> Your goal
Please repeat, exactly as written, the line containing "a powerful platform" and every line after it through the end of the records below, leaving out any pictures.

─── Data excerpts ───

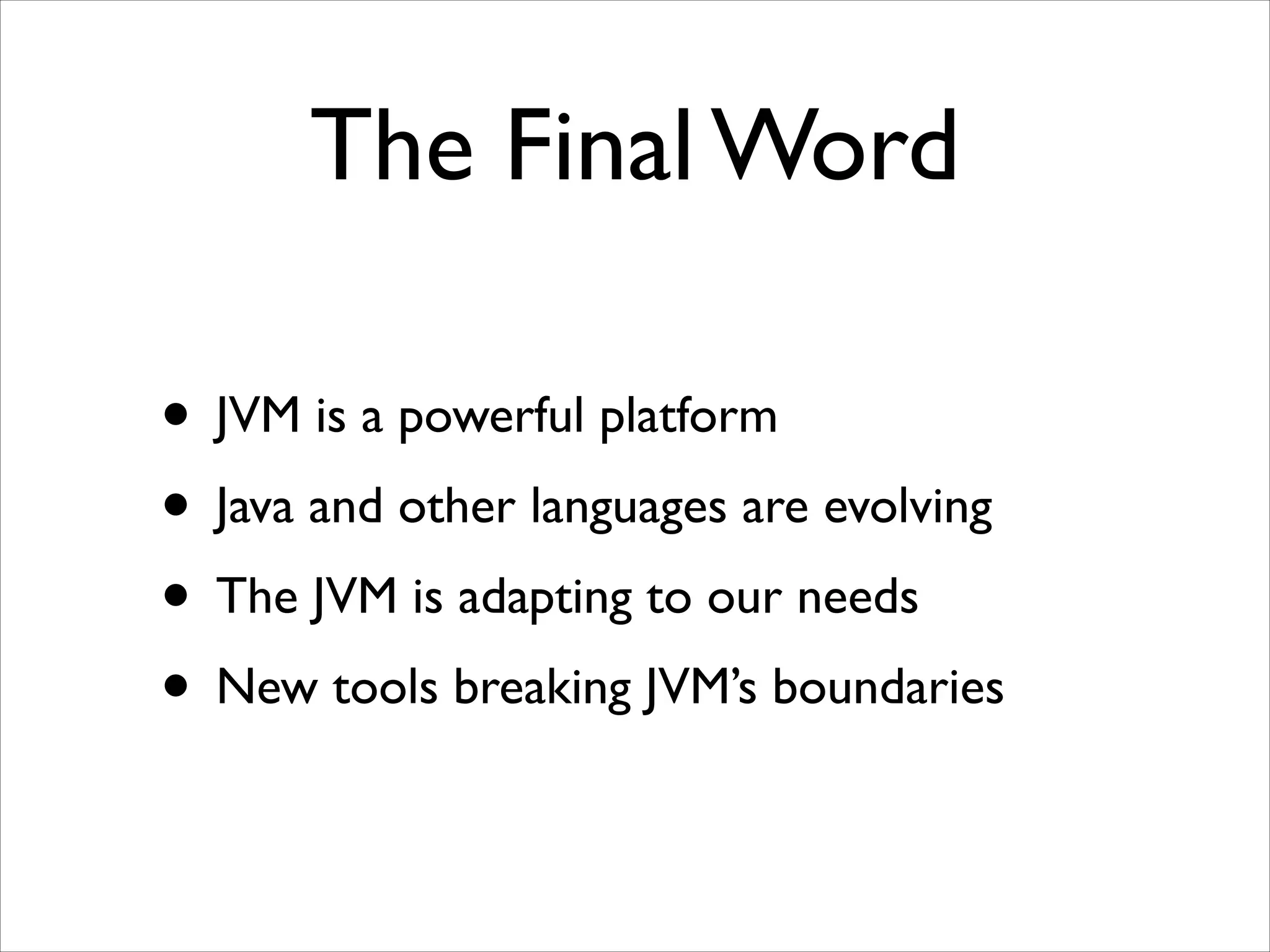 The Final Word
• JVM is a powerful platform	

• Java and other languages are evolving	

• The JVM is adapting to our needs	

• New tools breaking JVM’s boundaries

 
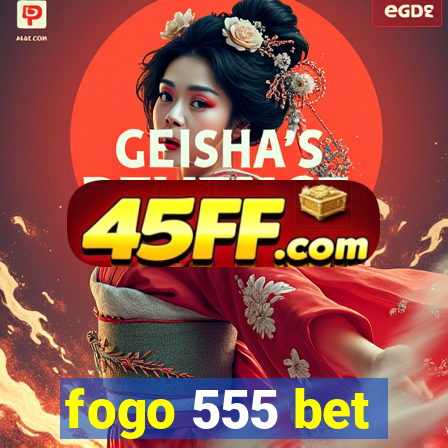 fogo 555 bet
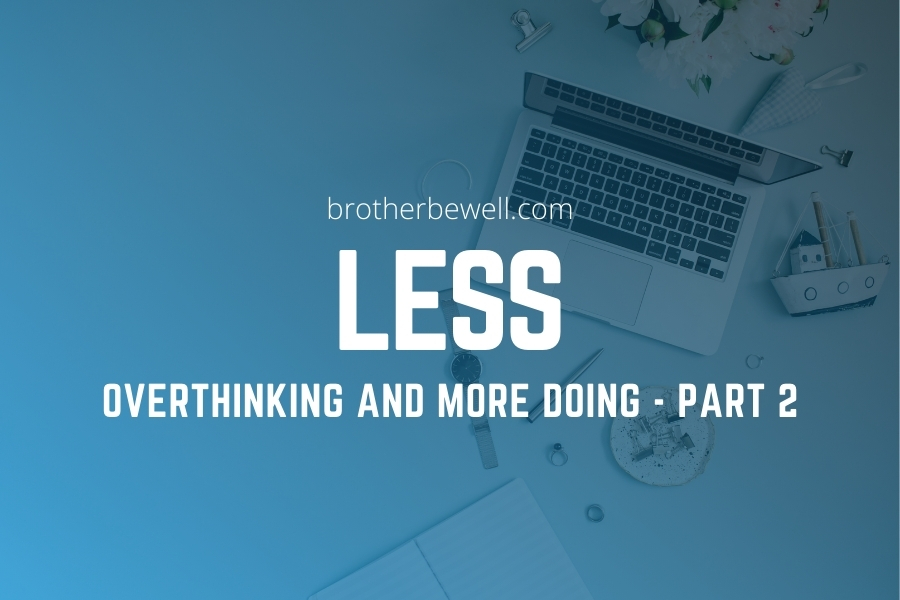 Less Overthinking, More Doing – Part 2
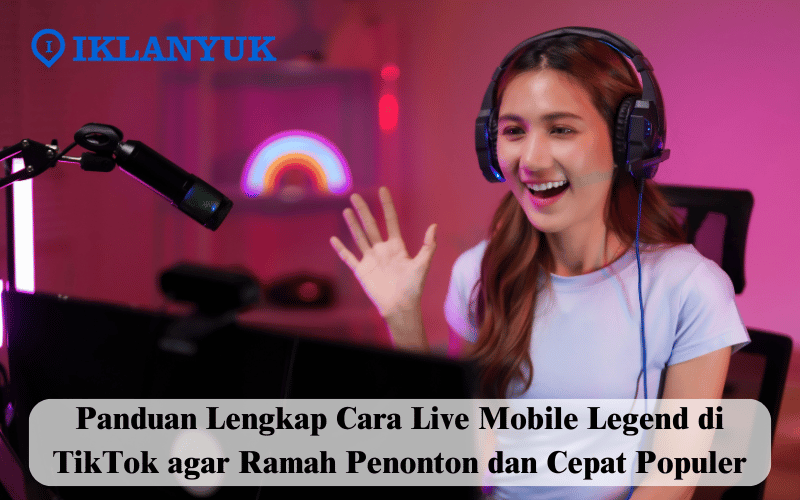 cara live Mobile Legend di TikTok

───

> Your solution
• JVM is a powerful platform	

• Java and other languages are evolving	

• The JVM is adapting to our needs	

• New tools breaking JVM’s boundaries

 
 fogo 555 bet
 Less Overthinking, More Doing – Part 2
 cara live Mobile Legend di TikTok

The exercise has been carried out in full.